I’m not entering my last year as a student at the University of Oregon, and hope to graduate next spring with a Degree in English, to pursue a career in writing. I’ve made it through my college career with only one seizure and minimal incidents. I took time off from classes, switched around medications, and began seeking help at the University Counseling Center. I picked up running, got a part time job, and started trying to eat somewhat healthier. I even allowed myself to experiment with alcohol after turning 21 (in cautious moderation). I have a small but solid circle of wonderful friends.

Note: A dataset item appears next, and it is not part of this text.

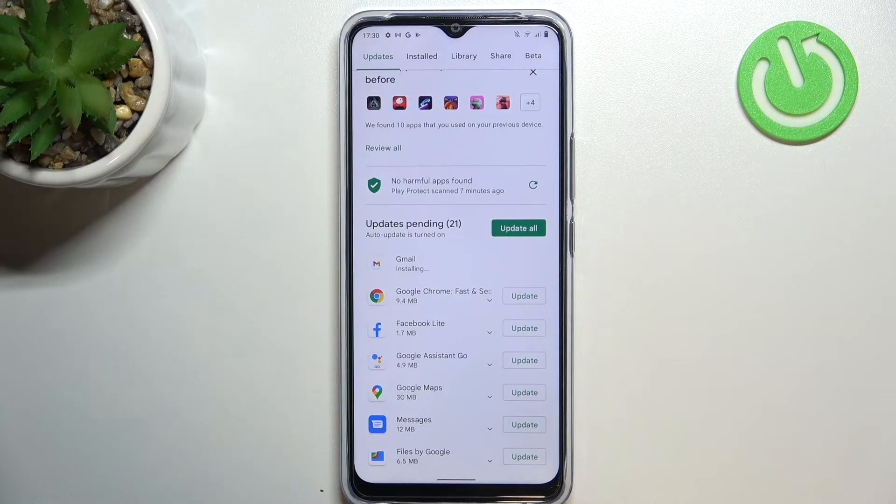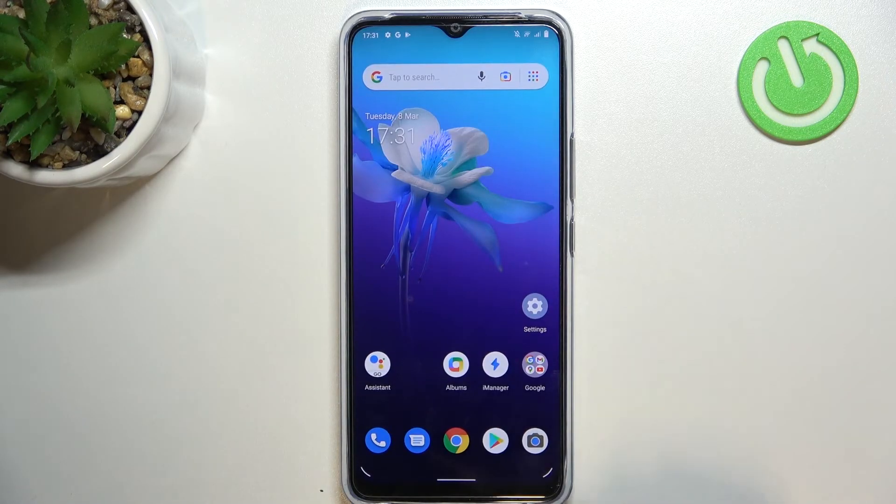So you will be able to quickly check how it's going. Right now it has been downloaded, and after that it will be successfully installed and automatically updated. You do not really need to do anything more. This is how to update apps on your Vivo Y01.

While I’m now feeling and doing better than I have been in a very long time, I still struggle with some of the limits that tend to accompany living with a chronic illness. The fear of having a seizure in public or with friends is constantly gnawing at the back of my thoughts. I still get dizzy 8/10 times I stand up from a sitting position. My grades have improved, but I still have problems with focus and memory. My sleep schedule is sporadic at best. If I miss a dose of medication, my hands and face will spasm and twitch uncontrollably throughout the day (many shirts have been stained by errant spillage this way). Most of the time, I function completely normally, but there are times when I don’t, and it’s frustrating not to feel comfortable with the truth. I still fluctuate constantly between over and under-sharing, never knowing which is appropriate. I never want anyone’s pity, but I want my friends to know what’s going on and don’t want to lie or be judged for what I can and can’t and do or do not do. I hate feeling vulnerable in that way, so sometimes it’s easier to just keep it quiet. Please remember that you don’t need to be able to see evidence of someone’s illness for it to be valid, and that the people who suffer invisible illnesses end up battling with more than just physical damages.